See this code for an example (I only have it for Posix, but Windows has 
similar features, I have to add them): 
https://github.com/schveiguy/iopipe/blob/6a8c10d2858f92978d72c55eecc7ad55fcc207e2/source/iopipe/buffer.d#L306

> The question is when to apply this dropping of old front elements. When 
> I need to add one more element to the array, I can detect whether this 
> *may* allocate by the expression 'arr.length == arr.capacity' but not 
> really though, because the runtime may give me adjacent room without 
> allocation. So I can delay the "drop the front elements" computation 
> because there will be no actual copying at this time.

Even if you could do this, this doesn't help because at the end of the 
pool, you need to reallocate into a another pool (or back to the 
beginning of the pool), because there can be no free pages after the 
last page in the pool (you can't merge pools together).
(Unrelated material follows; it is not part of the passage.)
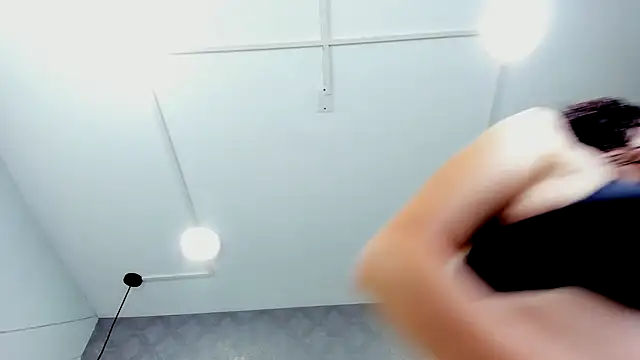 ThaliaCross online show from 09/26/25, 07:51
>  > https://dlang.org/phobos/core_memory.html#.GC.extend
> 
> Ok, that sounds very useful. In addition to "I can detect when it *may* 
> allocate", I can detect whether there is adjacent free room. (I can ask 
> for just 1 element extension; I tested; and it works.) (I guess this 
> GC.extend has to grab a GC lock.)
> 
> However, for that to work, I seem to need the initial block pointer that 
> the GC knows about. (My sliding array's .ptr not work, so I have to save 
> the initial arr.ptr).

You can get this via `GC.query`, but that means 2 calls into the GC.

> Conclusion:
> 
> 1) Although understanding the inner workings of the runtime is very 
> useful and core.memory has interesting functions, it feels too much 
> fragile work to get exactly what I want. I should manage my own memory 
> (likely still backed by the GC).
> 
> 2) I argue that the initial allocation should be more than 1 element so 
> that we skip 1 allocation for most arrays and 50% for my window-of-1 
> sliding window case.

So 2 things here:

1. I highly recommend trying out the ring buffer solution to see if it 
helps. The disadvantage here is that you need to tie up at least a page 
of memory.
2. All my tests using the ring buffer showed little to no performance 
improvement over just copying back to the front of the buffer. So 
consider just copying the data back to the front of an already allocated 
block.

IIRC, your data does not need to be sequential in *physical memory*, 
which means you can use a ring buffer that is segmented instead of 
virtually mapped, and that can be of any size.

-Steve